## WORK REQUIRED
Only the lines below from the one that holds "White Tea Eau Lilac" through the one that holds "Schmuck armband perlen" should appear in the answer, copied exactly, end lines included and pictures omitted.

## DATASET EXTRACT
# # #

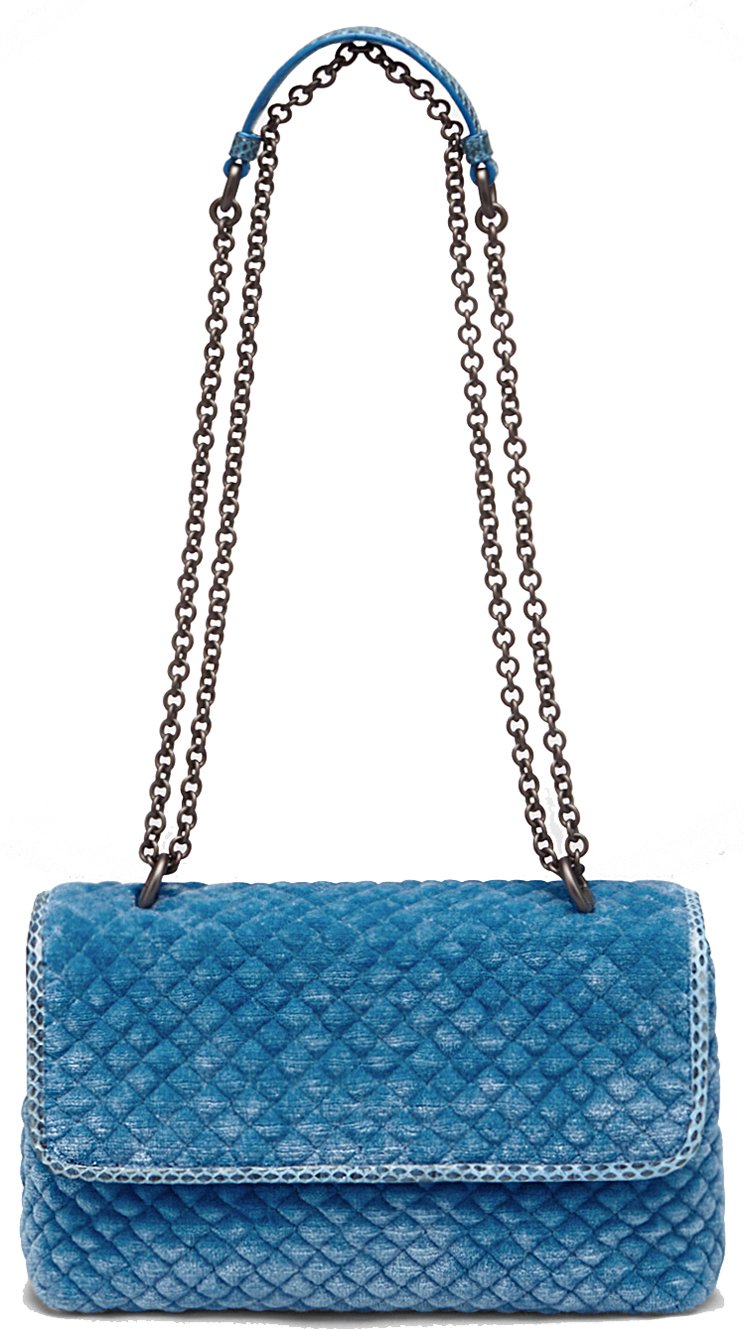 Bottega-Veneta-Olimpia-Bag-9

# # #

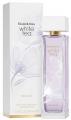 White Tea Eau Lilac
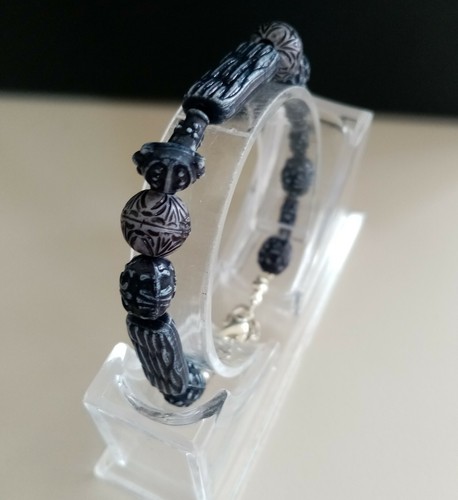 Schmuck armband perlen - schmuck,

# # #

## OUTPUT BELOW
 White Tea Eau Lilac
 Schmuck armband perlen - schmuck,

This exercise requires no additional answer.